▶ [DATA SECTION]:

*** Begin section ***

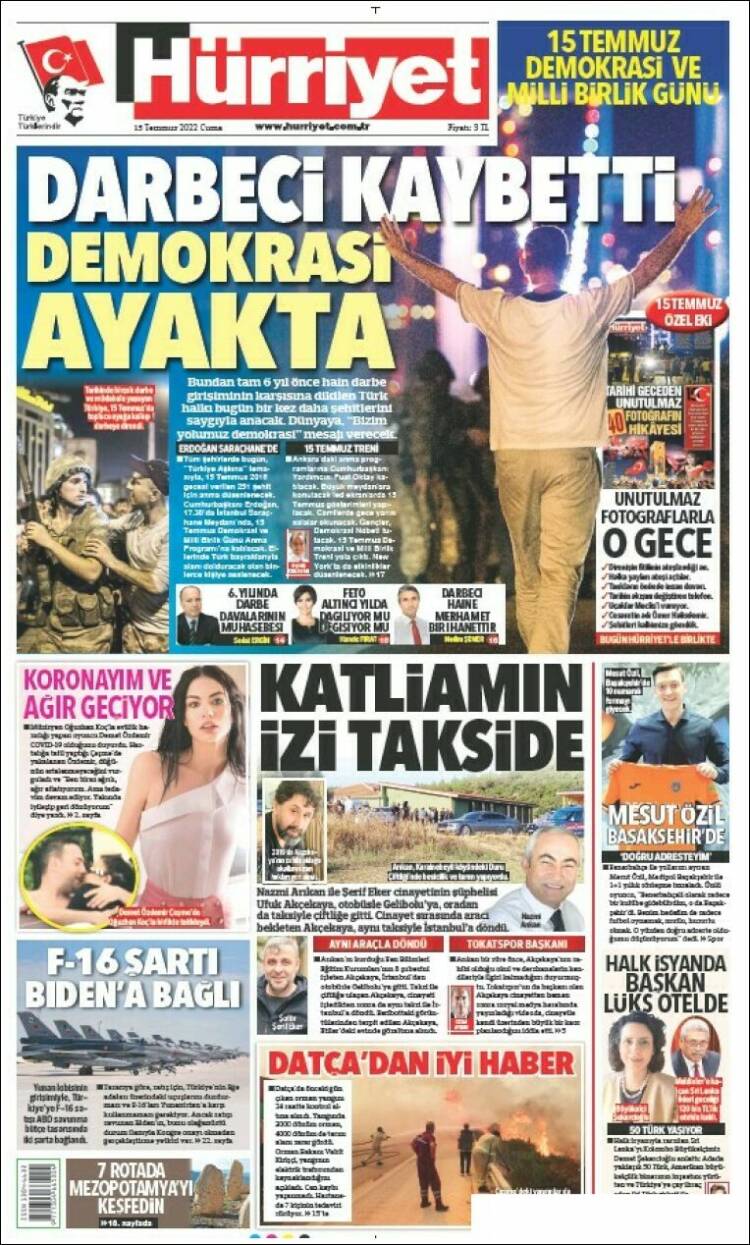 Portada de Hürriyet (Turqu&iacute;a)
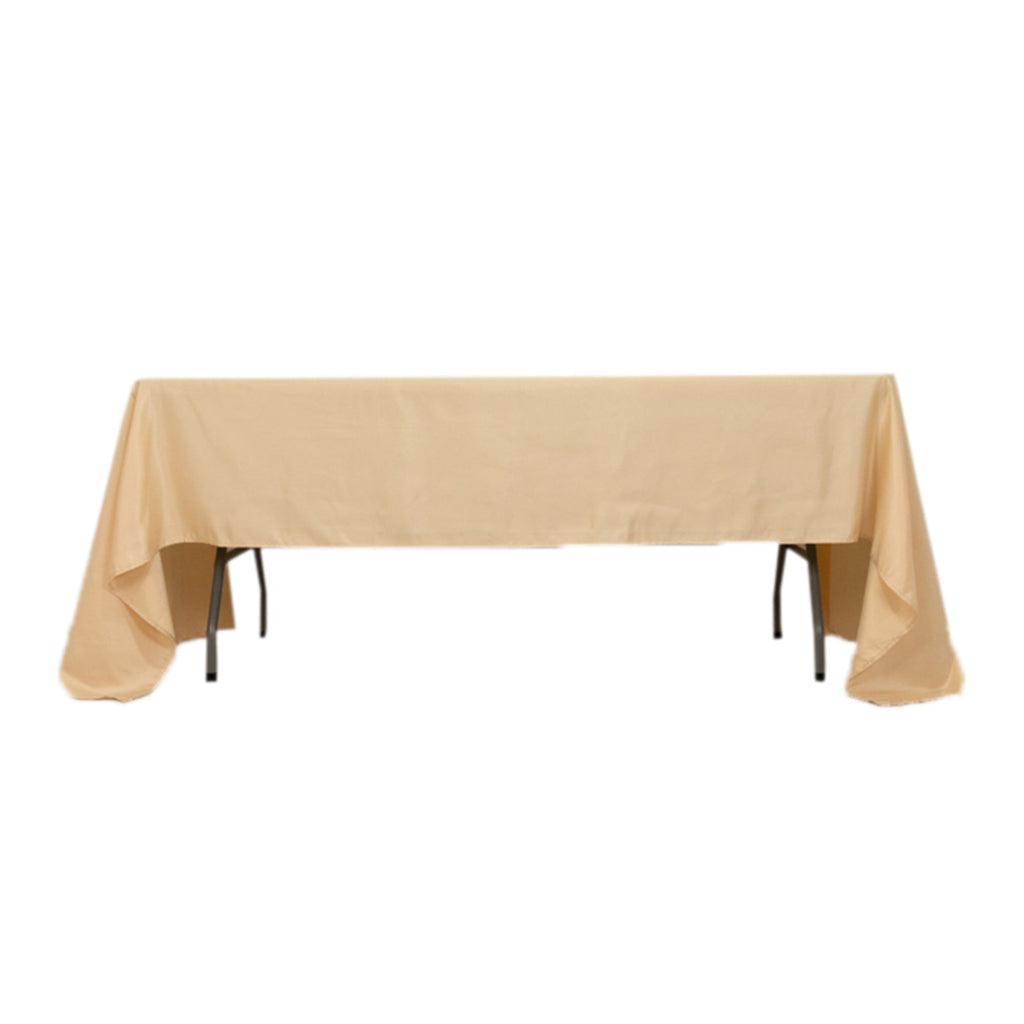 Lamour Satin 60"x126" Rectangle Tablecloth Beige - Soft & Silk - Like Table Cover - Bell Racket Store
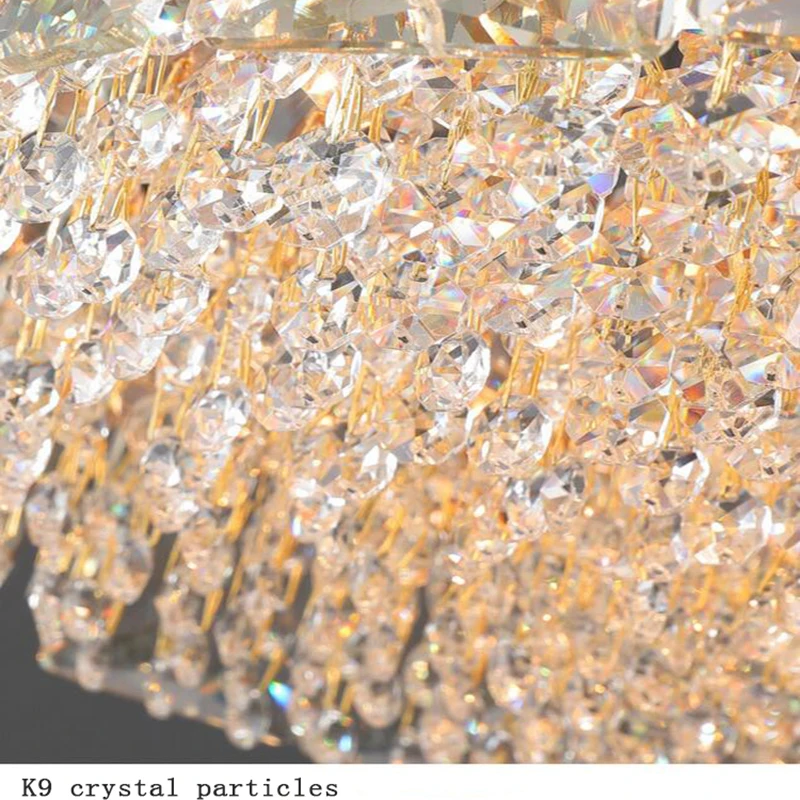 

Luxury Crystal Chandelier Living Room Dining Room Large Illuminated Home Decoration Modern & Gold Chain Crystal Chandelier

*** End section ***

▶ [BRIEF]:
Reproduce the material above in full, images excluded.

▶ [TASK RESULT]:
 Portada de Hürriyet (Turqu&iacute;a)
 Lamour Satin 60"x126" Rectangle Tablecloth Beige - Soft & Silk - Like Table Cover - Bell Racket Store

Luxury Crystal Chandelier Living Room Dining Room Large Illuminated Home Decoration Modern & Gold Chain Crystal Chandelier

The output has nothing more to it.